_RECORDS SUPPLIED_
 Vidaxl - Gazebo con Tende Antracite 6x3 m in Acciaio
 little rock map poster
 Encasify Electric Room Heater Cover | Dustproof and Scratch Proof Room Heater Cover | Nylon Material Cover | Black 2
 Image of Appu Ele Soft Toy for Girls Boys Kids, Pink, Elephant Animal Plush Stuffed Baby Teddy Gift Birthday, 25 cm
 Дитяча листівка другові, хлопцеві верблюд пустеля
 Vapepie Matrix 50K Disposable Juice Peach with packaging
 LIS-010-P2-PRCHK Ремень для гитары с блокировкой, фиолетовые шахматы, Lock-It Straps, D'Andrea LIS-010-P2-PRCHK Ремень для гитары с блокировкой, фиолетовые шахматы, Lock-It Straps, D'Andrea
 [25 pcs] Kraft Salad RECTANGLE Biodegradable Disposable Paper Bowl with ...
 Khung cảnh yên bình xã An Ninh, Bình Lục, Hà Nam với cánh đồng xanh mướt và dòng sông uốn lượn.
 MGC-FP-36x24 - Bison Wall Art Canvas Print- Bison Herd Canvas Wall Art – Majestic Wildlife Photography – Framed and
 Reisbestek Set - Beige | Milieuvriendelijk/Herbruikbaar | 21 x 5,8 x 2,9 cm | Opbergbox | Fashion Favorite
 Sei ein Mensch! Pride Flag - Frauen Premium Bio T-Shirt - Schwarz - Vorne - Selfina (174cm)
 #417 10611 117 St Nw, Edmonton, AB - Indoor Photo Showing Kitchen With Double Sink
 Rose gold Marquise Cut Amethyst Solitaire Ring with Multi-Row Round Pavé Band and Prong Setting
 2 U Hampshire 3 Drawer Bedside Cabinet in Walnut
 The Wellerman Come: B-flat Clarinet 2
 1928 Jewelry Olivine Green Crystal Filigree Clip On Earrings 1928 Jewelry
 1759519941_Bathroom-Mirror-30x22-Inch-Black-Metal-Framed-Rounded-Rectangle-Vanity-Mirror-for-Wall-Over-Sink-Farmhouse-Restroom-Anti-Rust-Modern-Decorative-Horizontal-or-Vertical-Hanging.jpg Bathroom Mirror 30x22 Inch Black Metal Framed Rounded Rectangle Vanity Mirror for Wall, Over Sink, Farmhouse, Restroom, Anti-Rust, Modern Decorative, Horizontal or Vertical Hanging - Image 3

_EXERCISE INSTRUCTIONS_
Nothing but the lines from the one with "1928 Jewelry Olivine" through the final line of the data above should be output, exactly as written.

_EXERCISE OUTPUT_
 1928 Jewelry Olivine Green Crystal Filigree Clip On Earrings 1928 Jewelry
 1759519941_Bathroom-Mirror-30x22-Inch-Black-Metal-Framed-Rounded-Rectangle-Vanity-Mirror-for-Wall-Over-Sink-Farmhouse-Restroom-Anti-Rust-Modern-Decorative-Horizontal-or-Vertical-Hanging.jpg Bathroom Mirror 30x22 Inch Black Metal Framed Rounded Rectangle Vanity Mirror for Wall, Over Sink, Farmhouse, Restroom, Anti-Rust, Modern Decorative, Horizontal or Vertical Hanging - Image 3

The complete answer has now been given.